▸ **WORK TO BE COMPLETED**
The expected copy holds every entry exactly and none of the pictures.

[Stored records]
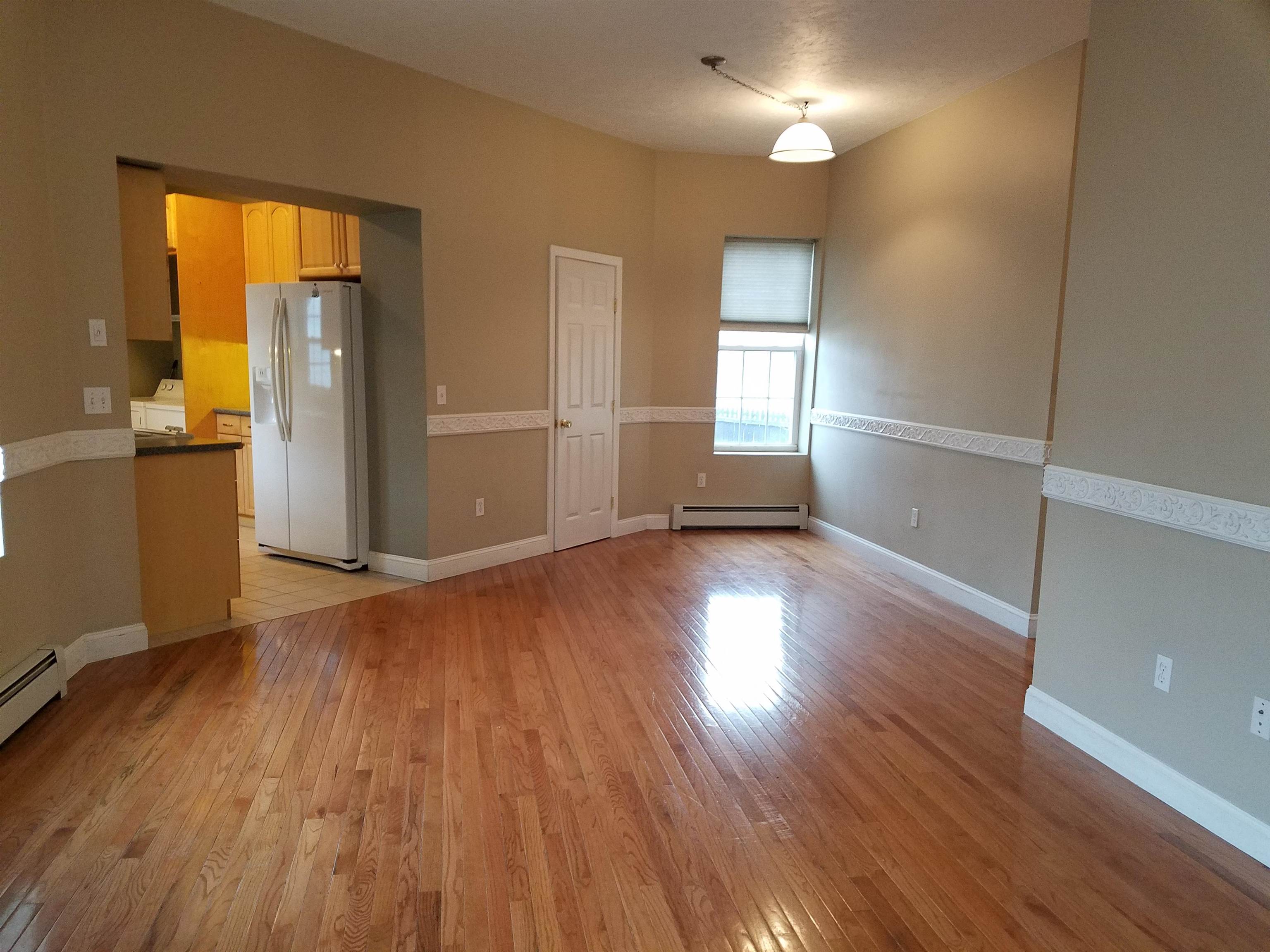 585 Beech Street, Unit FIRST Manchester, NH 03104 - Photo 7 of 15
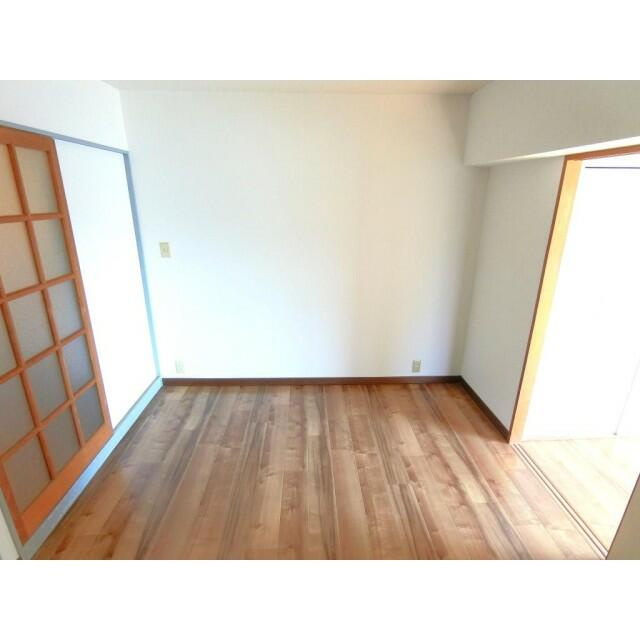 ダイアモンドフラットの洋室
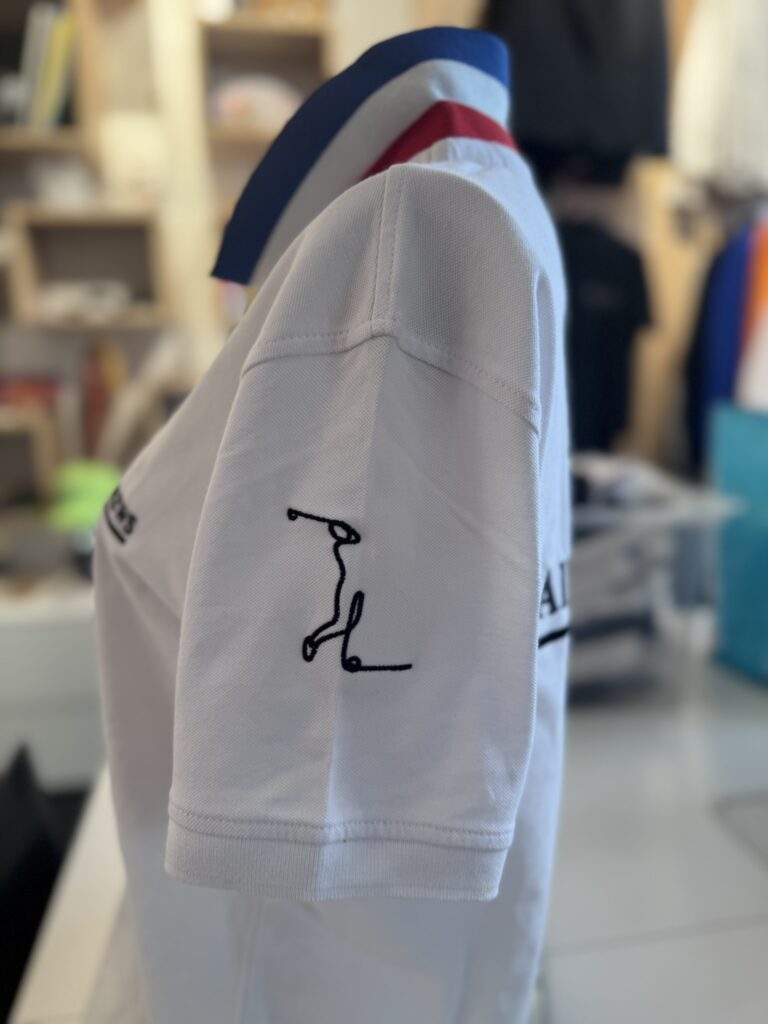 casquette + polo brodé = mots-clés forts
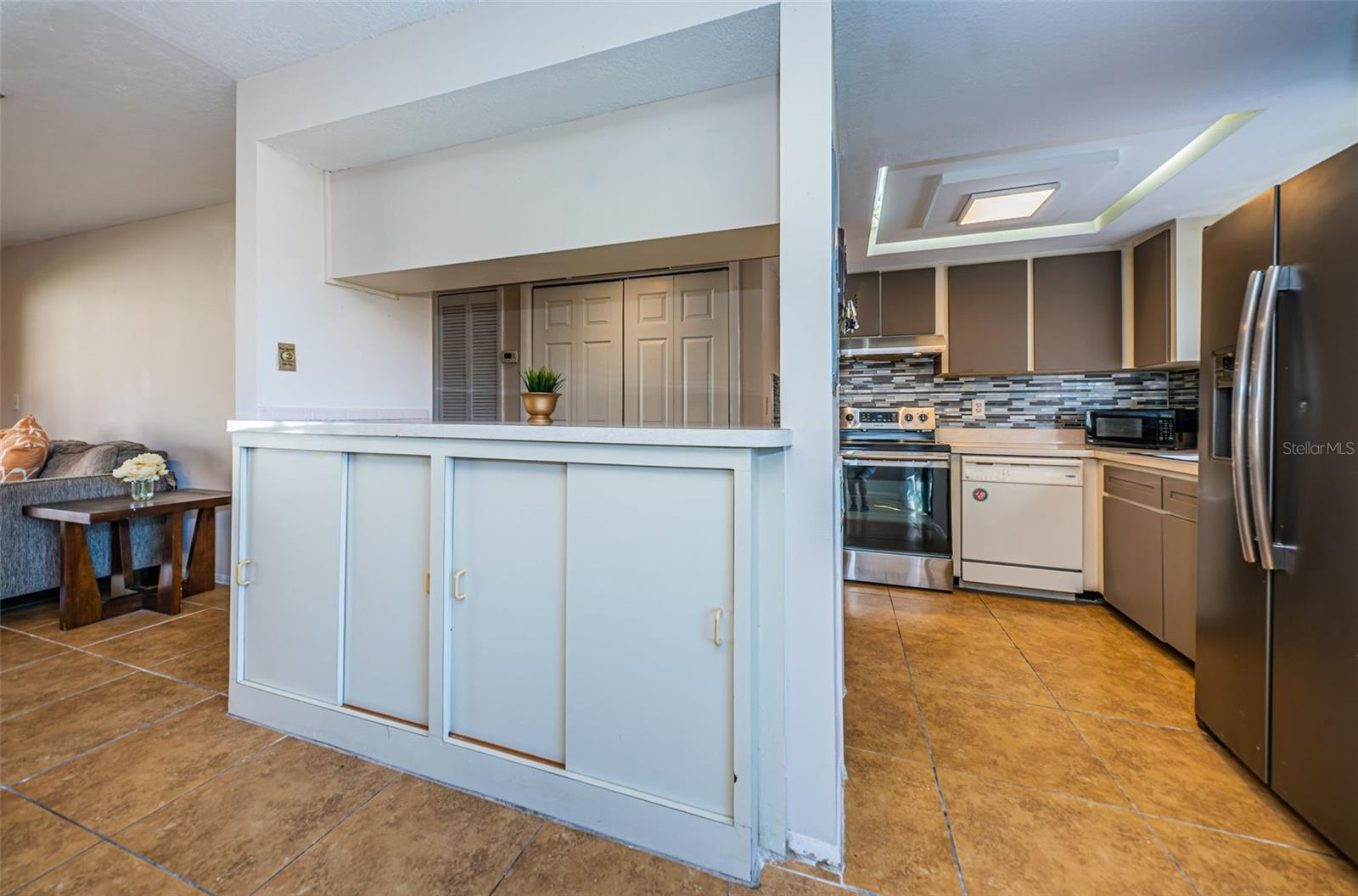 180 INGRID PL — photo 20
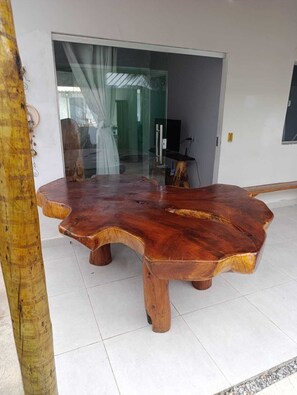 Terrace/patio - Family Home: LED pool with jacuzzi, 18 beds, and beach 300m away – Alcobaça, Bahia, Brazil. (Alcobaça)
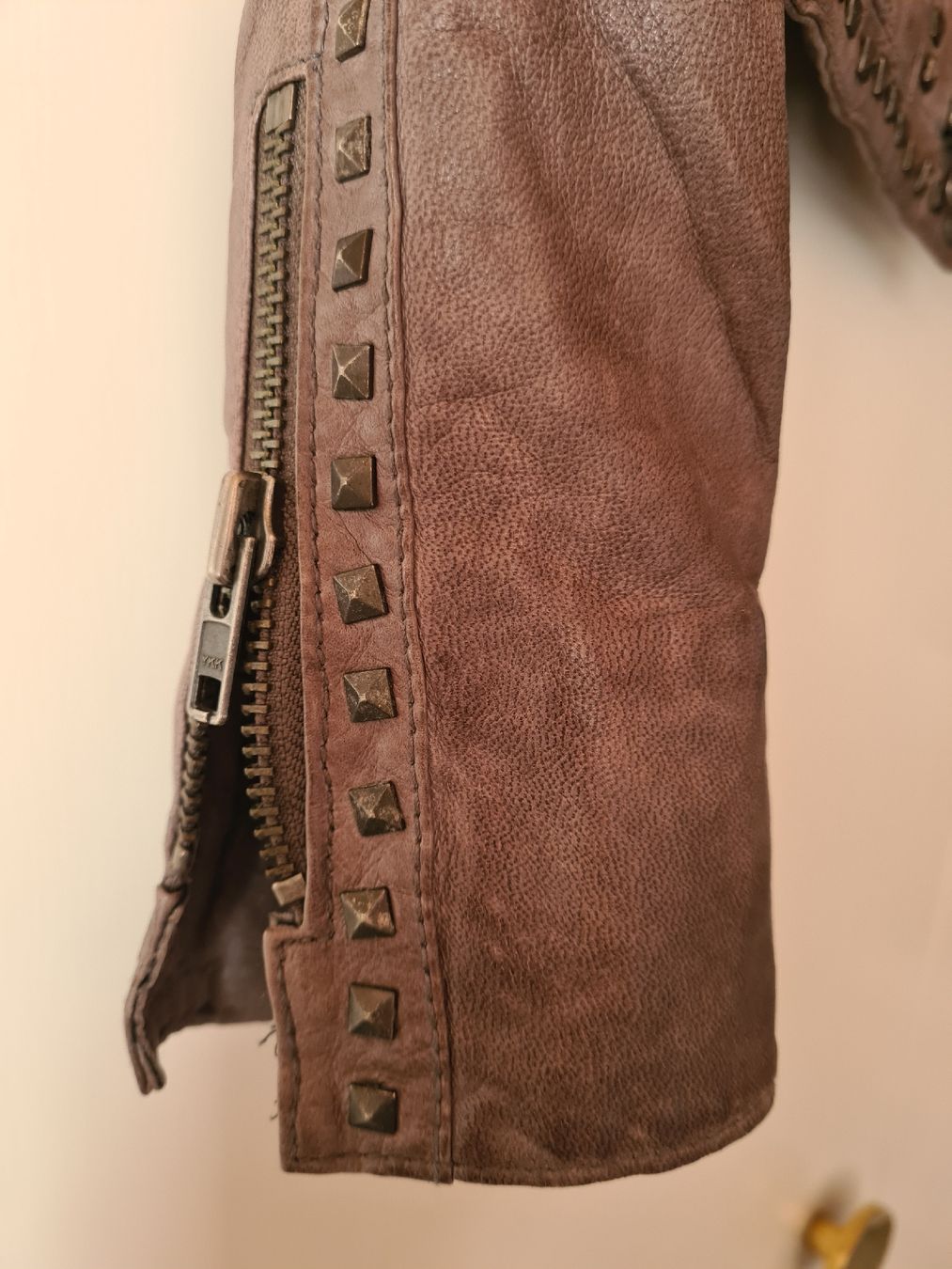 Giacche: MILESTONE LEDERJACKE TAUPE GR.38 – Nuovo (secondo la descrizione) da Adlikon venduto da jahr01 3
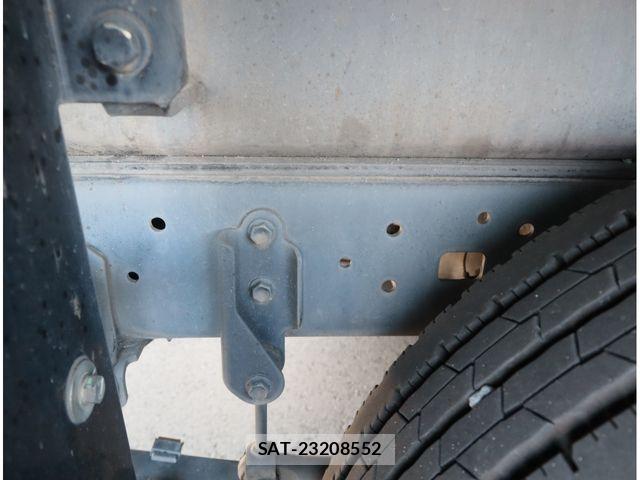 Hino DUTRO 2018-01 8626555-18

▸ **TASK RESPONSE**
 585 Beech Street, Unit FIRST Manchester, NH 03104 - Photo 7 of 15
 ダイアモンドフラットの洋室
 casquette + polo brodé = mots-clés forts
 180 INGRID PL — photo 20
 Terrace/patio - Family Home: LED pool with jacuzzi, 18 beds, and beach 300m away – Alcobaça, Bahia, Brazil. (Alcobaça)
 Giacche: MILESTONE LEDERJACKE TAUPE GR.38 – Nuovo (secondo la descrizione) da Adlikon venduto da jahr01 3
 Hino DUTRO 2018-01 8626555-18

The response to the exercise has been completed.